Esta doble orden que dio a los mismos individuos el joven teniente probó a Milady que sus servidores eran los mismos hombres que sus guardianes, es decir soldados.

Las órdenes de Felton eran ejecutadas por los demás con una silenciosa rapidez que daba buena idea del floreciente estado en que mantenía la disciplina.

Finalmente, Felton, que aún no había mirado a Milady, se volvió hacia ella.

—¡Ah, ah! —dijo—. Duerme, está bien; cuando se despierte cenará.

Y dio algunos pasos para salir.

—Pero, mi teniente —dijo un soldado menos estoico que su jefe, y que se había acercado a Milady—, esta mujer no duerme.

—¿Cómo que no duerme? —dijo Felton—. ¿Entonces, qué hace?

—Está desvanecida; su rostro está muy pálido, y por más que escucho no oigo su respiración.

—Tenéis razón —dijo Felton tras haber mirado a Milady desde el lugar en que se encontraba, sin dar un paso hacia ella—; id a avisar a lord de Winter que su prisionera está desvanecida porque no sé qué hacer: el caso no estaba previsto.
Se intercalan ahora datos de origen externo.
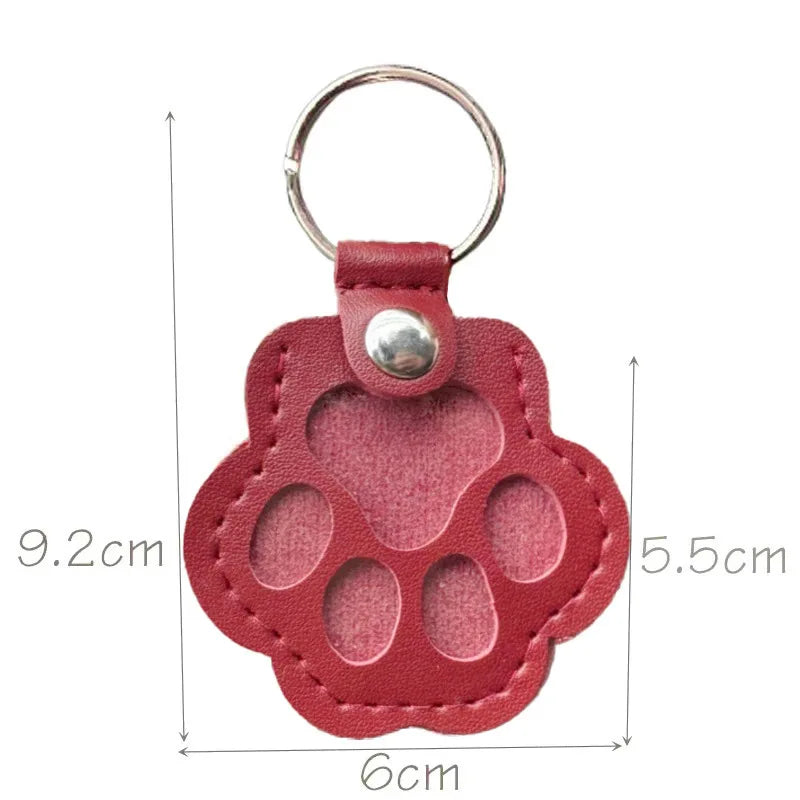 Pet Paw Fur Keepsake Keychain, Cute Fillable Cat Dog Hair Collection Pendant for Bags Keys, Snap Button Gift, 5.5cm with Ring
El soldado salió para cumplir las órdenes de su oficial: Felton se sentó en un sillón que por azar se encontraba junto a la puerta y esperó sin decir una palabra, sin hacer un gesto. Milady poseía ese gran arte, tan estudiado por las mujeres, de ver a través de sus largas pestañas sin dar la impresión de abrir los párpados: vislumbró a Felton que le daba la espalda, continuó mirándolo durante diez minutos aproximadamente, y durante esos diez minutos el impasible guardián no se volvió ni una sola vez.